Notebook

Augment Bounding Boxes¶

imgaug has native support for bounding boxes and their augmentation. They are represented via their top-left and bottom-right corner coordinates, both as absolute values and with sub-pixel accuracy.

In imgaug, bounding boxes are only affected by augmenters changing the geometry of images. This is the case for e.g. horizontal flips or affine transformations. They are not affected by other methods, such as gaussian noise.

Two classes are provided for bounding box augmentation in imgaug, listed in the following sections.

API: BoundingBox¶

imgaug.augmentables.bbs.BoundingBox(x1, y1, x2, y2, label=None): Container for a single bounding box, defined based on its top-left and bottom-right corners, each given as x- and y- pixel coordinates (floats, i.e. sub-pixel accurate).

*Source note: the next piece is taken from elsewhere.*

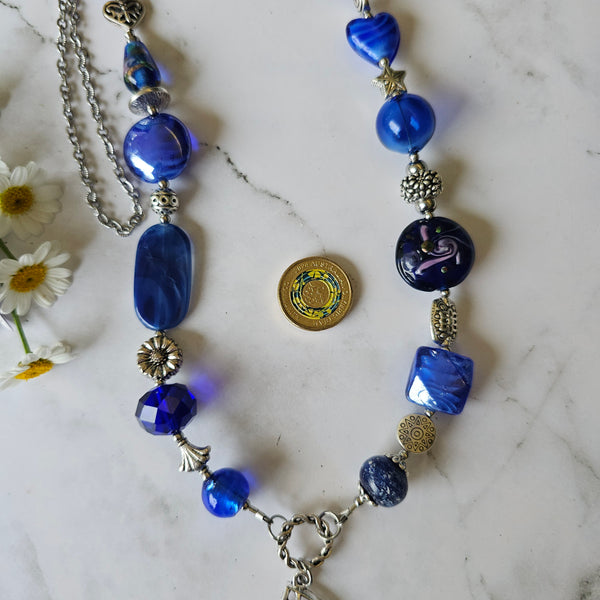 Long Blue beaded necklace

Important properties offered by BoundingBox are: .x1, .y1, .x2, .y2, .height, .width, .area, .center_x, .center_y.
Important methods offered by BoundingBox are:
- project(from_shape, to_shape): Projects the bounding box coordinates from one image shape to another.
- extend([all_sides], [top], [right], [bottom], [left]): Increases the size of the bounding boxes by pixel values along given sides.
- intersection(other, [default]): Returns the intersection bounding box of this bounding box and another one.
- union(other): Analogous to intersection(), returns the union.
- iou(other): Computes the IoU of this bounding box and another one.
- is_fully_within_image(image): Determines whether all bounding box coordinates are inside the image plane.
- is_partly_within_image(image): Determines whether at least parts of the bounding box are inside the image plane.
- clip_out_of_image(image): Clips off all parts of the bounding box that are outside of the image plane.
- shift([x], [y]): Moves the bounding box.
- draw_on_image(image, [color], [alpha], [size], [copy], [raise_if_out_of_image]): Draws the bounding box and its label on an image.
- draw_label_on_image(image, [color], [color_text], [color_bg], [alpha], [size], [size_text], [height], [copy], [raise_if_out_of_image]): Draws only a rectangle containing the label (text) on an image (above the bounding box).
- draw_box_on_image(image, [color], [alpha], [size], [copy], [raise_if_out_of_image): Draws only the box of the bounding box on an image.
- extract_from_image(image, [pad], [pad_max], [prevent_zero_size]): Extracts the pixels contained in a bounding box from an image.

API: BoundingBoxesOnImage¶

imgaug.augmentables.bbs.BoundingBoxesOnImage(bounding_boxes, shape): Container for a list of bounding boxes placed on an image. The shape argument denotes the shape of the image on which the bounding boxes are placed. It is required to make sure that augmentations based on the image size are aligned between the image and the bounding boxes placed on it (e.g. cropping).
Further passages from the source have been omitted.